Im Vorbeigehen erzählt Wesseler, der beinahe 25 Jahre dem Kunstverein Bremerhaven vorstand und seit 1967 das Kabinett betreibt, von Künstlern, die aufs Meer gefahren und nie zurückgekehrt sind. Er bleibt vor einer Arbeit stehen, die der Konzeptkünstler Lawrence Weiner Wesselers Sohn Moritz zur Geburt geschenkt hat. Weiner empfahl ironisch: „Davon soll er sich mit 18 Jahren einen Porsche kaufen.“ Machte Moritz natürlich nicht.
Begeisterte Anekdoten
Dann tauchen, doch noch, der Direktor der Weserburg und ein paar eher unmotivierte Studierende auf. Wesseler erzählt zur Begrüßung eine Anekdote über den Künstler Henk Visch so begeistert, dass er fast dessen Skulptur „Das Lächeln“ umstößt. „Eigentlich müsstet ihr zu mir nach Bremerhaven kommen und ich nicht zu euch nach Bremen“, sagt er dann. „Als Kurator muss man Lust haben auf die Welt. Anstrengung ist nötig!“
Anstrengungen und Welt hat Wesseler, ehemals Vermessungsingenieur beim Bremerhavener Stadtplanungsamt, nie gescheut. Mit trockener, norddeutscher Ironie hat er schon zu Beginn seiner Kuratorentätigkeit geflachst, dass ihm für die Arbeit im Kabinett, wenn er alt und wehrlos sei, „irgendwer das Bundesverdienstkreuz überhängen“ werde. 2008 war dieser Irgendwer dann der Bremer Regierungschef. Gerhard Richter schickte ein übermaltes Foto mit dem Satz: „Ich finde das gut und richtig.“
Das Verdienstkreuz hat Wesseler für eine Arbeit bekommen, die Bremerhaven auf die Landkarte des internationalen Ausstellungsbetriebs gesetzt hat. Eine Stadt, die immer besser als ihr Ruf war, die es aber nie leicht gehabt hat mit ihrem teils desaströsen Bild in den deutschen Medien – trotz Kunstmuseum, Dreisparten-Theater und Zukunftstechnologien im boomenden Hafen. Vor ein paar Jahren noch stellte der Spiegel Bremerhaven quasi auf eine Stufe mit der New Yorker Bronx in den 80er-Jahren: Da stand ein junger Redakteur in der Fußgängerzone vor dem leer stehenden Hotel Naber, einst das erste Haus am Platze, und meinte, nur Verfall zu sehen.

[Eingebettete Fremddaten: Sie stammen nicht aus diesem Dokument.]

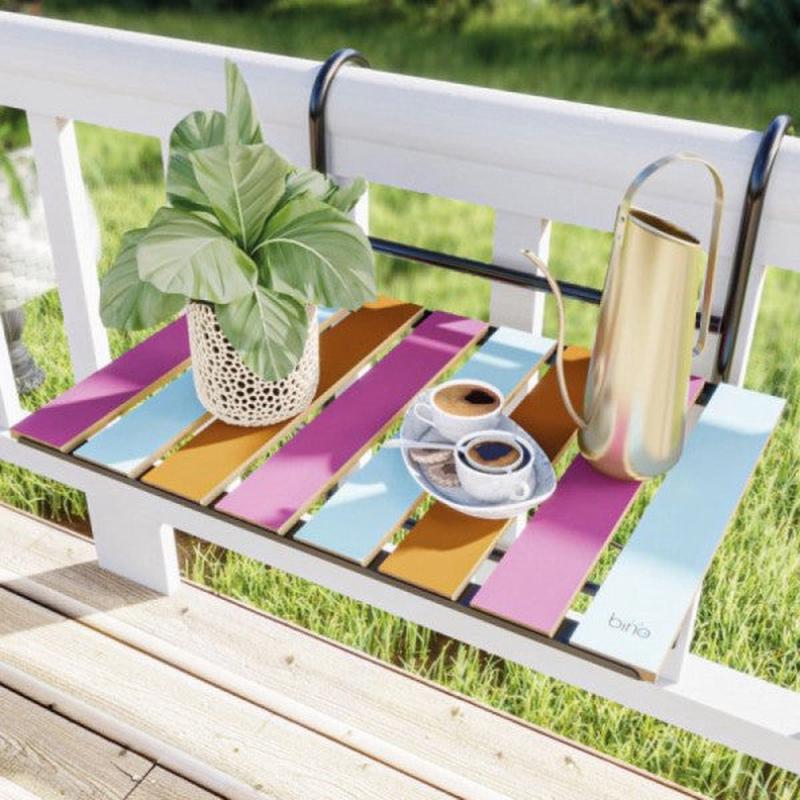 Bino Folding Table Balcony Patio Kitchen Table Hanging Camping Table Height Adjustable Garden Table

Nur ein paar Schritte weiter, in einer kleinen Seitenstraße, hätte er direkt unter dem Kunstverein das Kabinett für Aktuelle Kunst entdecken können. In diesen 33-Quadratmeter-Raum lockt Wesseler seit über 45 Jahren Kunst „jenseits des Tellerrandes“. Nicht immer leicht zu vermitteln: Die Verrisse füllen heute zwei große Aktenordner.
Und trotzdem machte Wesseler weiter, zusammen mit Freunden, seiner Frau Christine und später mit der Unterstützung seines Sohnes Moritz. Auch in dem Wissen, dass in Bremerhaven, abseits des großen Ausstellungsbetriebs, eben auch größere Freiräume bestehen. Für die Künstler wie für den Kurator.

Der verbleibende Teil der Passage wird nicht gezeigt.